Caption-style text data:
###

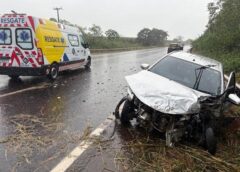 Homem fica ferido em acidente na BR-163 entre Mercedes e Guaíra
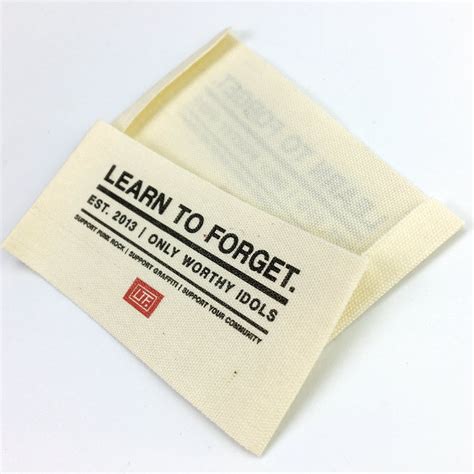 200 Custom Cotton Labels Custom Clothing Labels Using Your Etsy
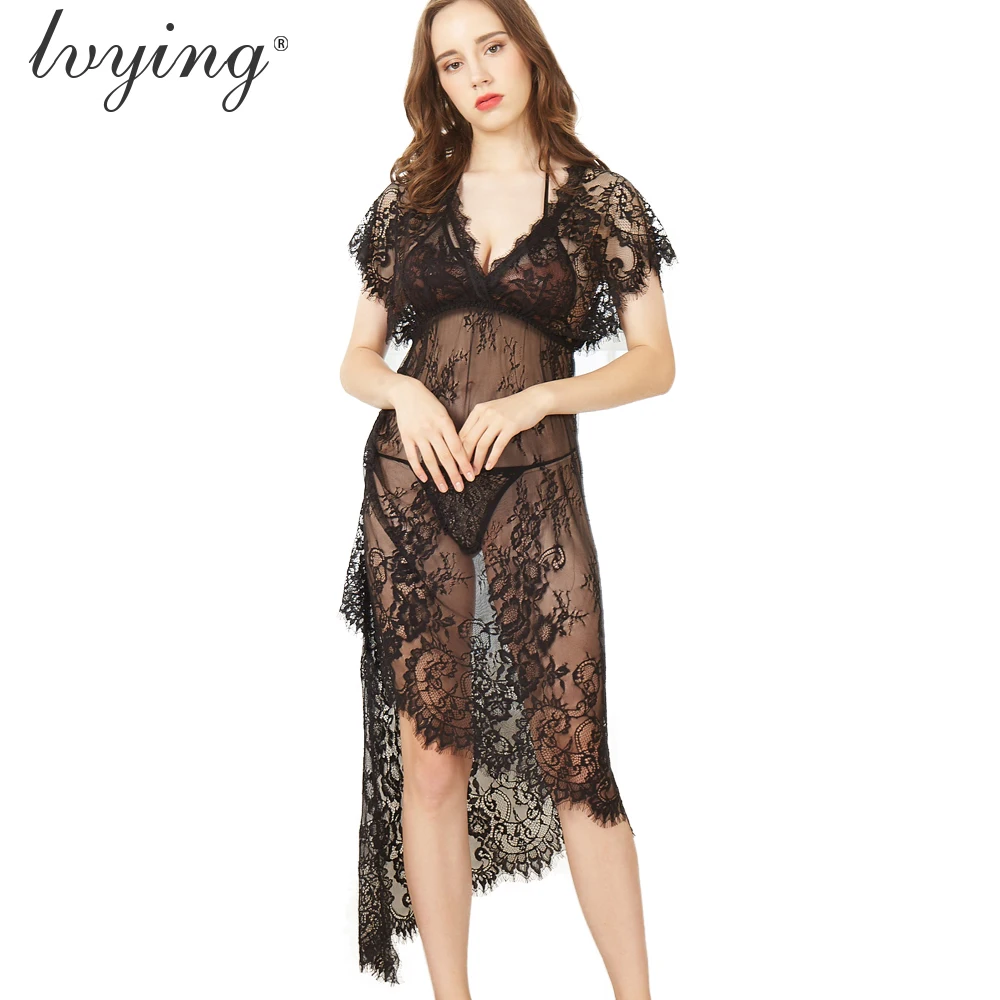 Women Pyjamas Night Dress Sexy Lingerie Sleep Tops Lace Transparents Nightgowns Female Sleepwear Nightwear Long Skirt Pijamas
Women Pyjamas Night Dress Sexy Lingerie Sleep Tops Lace Transparents Nightgowns Female Sleepwear Nightwear Long Skirt Pijamas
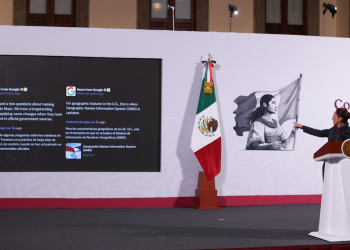 Sheinbaum enviará carta a Google para explicar origen del Golfo de México; le vamos a pedir que “América Mexicana” aparezca en el mapa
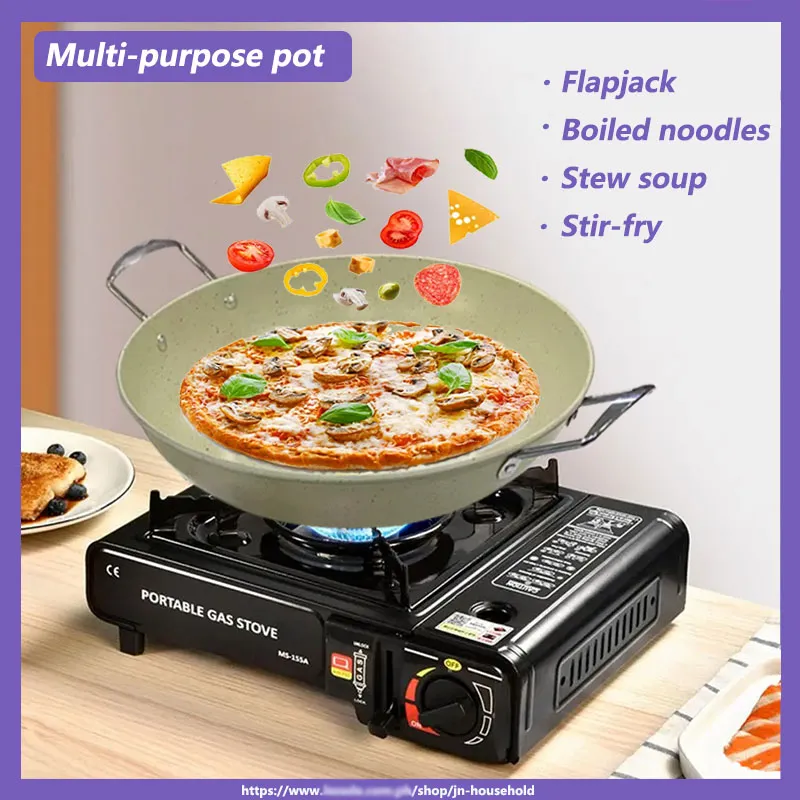 Non Stick Frying Pan Kitchen ware Cookware Set Non-stick milk pot and soup  pot Suitable for Induction Cooker Gas Stove
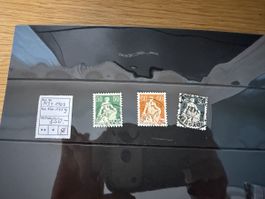 Helvetia mit Schwert 113y/140y und 141y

###

Your objective: Each line from the one with "Sheinbaum enviará carta" through the final line of the records must be copied exactly, with no pictures and no additional lines.

Expected answer:
 Sheinbaum enviará carta a Google para explicar origen del Golfo de México; le vamos a pedir que “América Mexicana” aparezca en el mapa
 Non Stick Frying Pan Kitchen ware Cookware Set Non-stick milk pot and soup  pot Suitable for Induction Cooker Gas Stove
 Helvetia mit Schwert 113y/140y und 141y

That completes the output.